Madina Lake chronology
| Attics to Eden (2009) | The Dresden Codex (2010) | World War III (2011) |

= The Dresden Codex (EP) =

The Dresden Codex is the second EP by alternative rock band Madina Lake and follow-up to their second studio album Attics to Eden from 2009. The release was self-produced after announcing that they had left their label, Roadrunner Records in April 2010. They subsequently set up an account on the website Pledgemusic to help fund the EP, which is sold to fans who have pledged as well as donating a percentage of the money raised to the Keep A Breast Foundation. On September 1, 2010, the band released "They're Coming for Me" to iTunes, after being recorded days before bassist Matthew Leone was attacked.
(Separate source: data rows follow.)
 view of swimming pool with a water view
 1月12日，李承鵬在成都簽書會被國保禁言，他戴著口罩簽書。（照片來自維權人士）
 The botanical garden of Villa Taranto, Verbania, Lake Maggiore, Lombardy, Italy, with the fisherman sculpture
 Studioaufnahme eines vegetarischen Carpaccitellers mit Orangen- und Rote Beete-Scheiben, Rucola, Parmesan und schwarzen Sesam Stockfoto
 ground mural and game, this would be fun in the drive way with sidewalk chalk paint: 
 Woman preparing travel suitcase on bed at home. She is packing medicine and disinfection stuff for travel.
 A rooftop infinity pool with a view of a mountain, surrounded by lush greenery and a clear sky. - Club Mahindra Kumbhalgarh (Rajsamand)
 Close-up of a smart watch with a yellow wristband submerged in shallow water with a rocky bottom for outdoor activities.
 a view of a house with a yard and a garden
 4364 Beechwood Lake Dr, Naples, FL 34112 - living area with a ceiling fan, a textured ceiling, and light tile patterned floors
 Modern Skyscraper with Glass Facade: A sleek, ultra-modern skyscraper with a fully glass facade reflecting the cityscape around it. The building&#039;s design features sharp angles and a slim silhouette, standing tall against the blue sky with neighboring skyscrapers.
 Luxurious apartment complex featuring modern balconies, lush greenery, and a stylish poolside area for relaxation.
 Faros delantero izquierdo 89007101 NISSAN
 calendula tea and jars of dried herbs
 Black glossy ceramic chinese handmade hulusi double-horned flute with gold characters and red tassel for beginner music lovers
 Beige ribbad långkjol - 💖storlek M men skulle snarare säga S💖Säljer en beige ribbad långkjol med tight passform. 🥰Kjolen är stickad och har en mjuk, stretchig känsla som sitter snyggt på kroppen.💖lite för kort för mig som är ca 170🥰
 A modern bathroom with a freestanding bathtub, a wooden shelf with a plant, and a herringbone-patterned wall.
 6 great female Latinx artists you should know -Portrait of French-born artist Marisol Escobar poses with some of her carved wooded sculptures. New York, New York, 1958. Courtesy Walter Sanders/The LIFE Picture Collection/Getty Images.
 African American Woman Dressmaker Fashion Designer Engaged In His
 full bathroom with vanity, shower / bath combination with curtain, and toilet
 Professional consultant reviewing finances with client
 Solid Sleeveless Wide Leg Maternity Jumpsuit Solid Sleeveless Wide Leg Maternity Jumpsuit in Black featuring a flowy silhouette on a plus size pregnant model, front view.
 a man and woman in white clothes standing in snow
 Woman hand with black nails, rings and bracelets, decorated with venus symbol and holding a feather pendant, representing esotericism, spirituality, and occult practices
The full EP was released on December 10, 2010, for download on Pledgemusic.

==Track listing==

| No. | Title | Length |
|---|---|---|
| 1. | "Hey Superstar" | 3:08 |
| 2. | "Heroine" | 2:45 |
| 3. | "They're Coming for Me" | 3:12 |
| 4. | "Let It Go" (Acoustic) | 4:08 |
| 5. | "A Beautiful Life (The song "A Beautiful Life" ends at 3:00. The hidden track "A Rite of Passage" begins at 7:40)." | 13:41 |
| Total length: |  | 26:14 |

==Notes==
- "Let It Go" is listed as an acoustic track as according to a picture of the track listing taken by the band and is a new originally acoustic composition.
- The title to track 5 "A Beautiful Life" is similar to the English translation for the title of the Italian film La Dolce Vita which translates to "the sweet life" or "the good life". The band's fictional character Adalia is supposedly based on a character from La Dolce Vita.
- The tracks "Hey Superstar", "They're Coming for Me" and "Heroine" went on to be featured on Madina Lake's third album World War III. "A Beautiful Life" would be included as a bonus track on the Japanese version of World War III.